SERVIZIO A CURA DI MAURIZIO LONGHI

Aveva conquistato la promozione in A con il Napoli dopo essere sceso in serie C, nella più assoluta commozione, ebbe a dire: “Chi non si emoziona non ha sangue nelle vene”. Dentro il Pampa Sosa abbondano fiumi di sangue che ribollono di emozione. E ci si emoziona sempre, sia da calciatore che da allenatore. Ha detto di essersi emozionato due volte in tanti anni di calcio: la prima quando ha indossato la maglia numero 10 del Napoli, quella appartenuta a Maradona, e sappiamo cosa significhi per un argentino. La seconda nel fine gara di una partita di fine novembre del campionato di serie D. Stavolta lui si trova nella veste di tecnico di un Sorrento reduce da una settimana turbolenta e con un’altra che apre alla finestra di mercato temendo una transumanza di giocatori verso altri lidi. Ma c’era una partita da onorare, contro la Frattese. In campo non si è mai visto un Sorrento così agguerrito che, a sei minuti dalla fine, quasi agli ultimi sforzi, è riuscito a siglare il gol della vittoria. La vittoria dell’orgoglio, la vittoria della rabbia, la vittoria del riscatto, probabilmente, la vittoria dell’addio per molti. Negli spogliatoi, Sosa ha guardato i suoi giocatori negli occhi, avrà ricordato il ritiro di Massa Lubrense, i suoi primi allenamenti da tecnico, le giornate passate a studiare la formazione migliore da mandare in campo la domenica e, passando in rassegna tutti questi fotogrammi, è scoppiato in lacrime.

Lacrime e abbracci con i suoi giocatori, momenti di silenzio ed emozione. La voce del silenzio, dove s’ode l’eco dei pensieri più reconditi. E l’emozione che cos’è se non una sensazione di cui fa esperienza il cuore? Il Pampa si è presentato in sala stampa visibilmente commosso, ha confessato di aver pianto e ha elogiato i suoi uomini dopo averli bacchettati a Mugnano: “Sono uomini veri e me l’hanno dimostrato, tant’è che ad un certo punto non mi interessava più il risultato. Contro la Frattese mi sono reso conto che il lavoro paga. Il primo tempo poteva chiudersi già con un largo vantaggio a nostro favore, nella ripresa è subentrata la paura di perdere ma la vittoria è meritatissima. Sono affezionato a questi ragazzi”. Era quello che si aspettava. La prestazione contro la Neapolis non gli era andata giù, più che minimizzare ha preferito tuonare, perché sapeva di suscitare una reazione nei giocatori. Infatti, ha avuto ragione perché sembravano tarantolati contro i nerostellati: “Abbiamo disputato un partitone contro una squadra super-offensiva.
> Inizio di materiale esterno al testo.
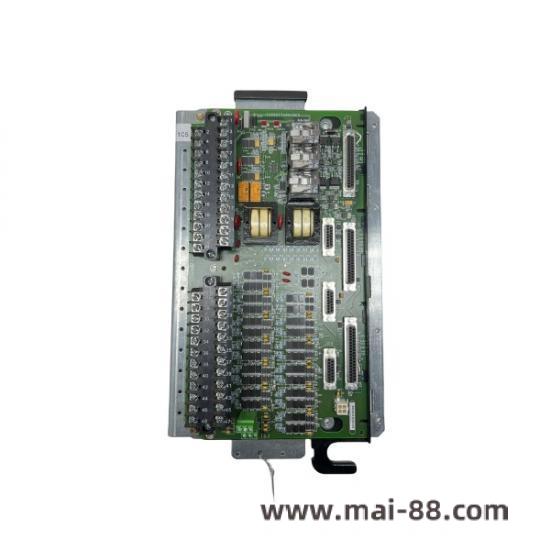 circuit_board_is200tturh1bed_general_electric.jpg GE IS200TTURH1B TERMINATION BOARD FOR MARK VI TURBINE CONTROL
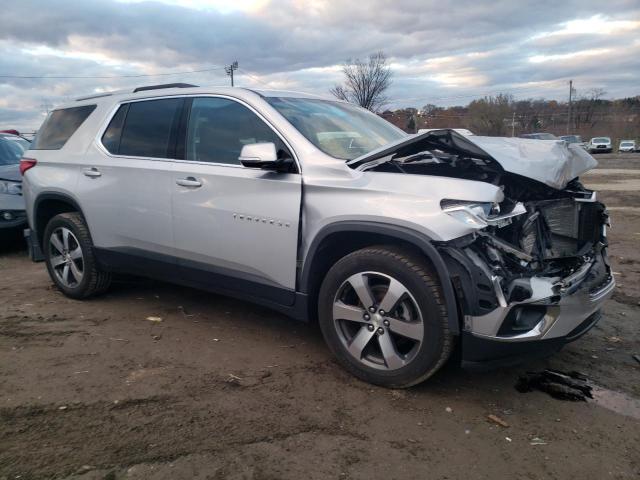 Photo 3 VIN: 1GNEVHKWXJJ258195 - CHEVROLET TRAVERSE L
Prima di scendere in campo, ho fatto riferimento alle partite di Noto e Mugnano, evidentemente i giocatori hanno percepito che bisognava cambiare totalmente atteggiamento. Voglio trasmettere alla squadra la necessità di giocare con gli attributi più che parlare troppo di schemi e moduli”. Il tecnico argentino rivendica anche la bontà delle sue scelte: “Ora non si parlerà di giocatori fuori ruolo perché quando si vince va tutto bene. Contro la Frattese ho schierato quattro attaccanti e tutti hanno dato il massimo anche nei ripiegamenti difensivi. Non si può parlare di scelte sbagliate quando si perde, mentre di grande prestazione dei giocatori dopo le vittorie”. Mentre Sosa rispondeva alle domande dei cronisti, c’è stata l’interruzione di Nicola Dionisio che ha celebrato il tecnico del Sorrento attribuendogli i meriti della vittoria.

L’argomento mercato è stato solo sfiorato, si avrà modo di parlarne, a rubare la scena è stata la commozione. Quella che ti ghermisce quando vedi raccogliere i frutti seminati proprio in un momento di aridità. Anche Sosa non sa cosa succederà nei prossimi giorni, i giocatori hanno dimostrato di essere dalla sua parte perché è riuscito a stringere con loro un rapporto speciale, non solo professionale. È una persona che antepone i rapporti umani a quelli lavorativi, quell’abbraccio nello spogliatoio sarà stato fraterno, tra gente che si vuole bene, che aveva appena lottato per vincere insieme riuscendoci con merito. Non si poteva fare finta di niente, sono state versate lacrime di sofferenza e amore.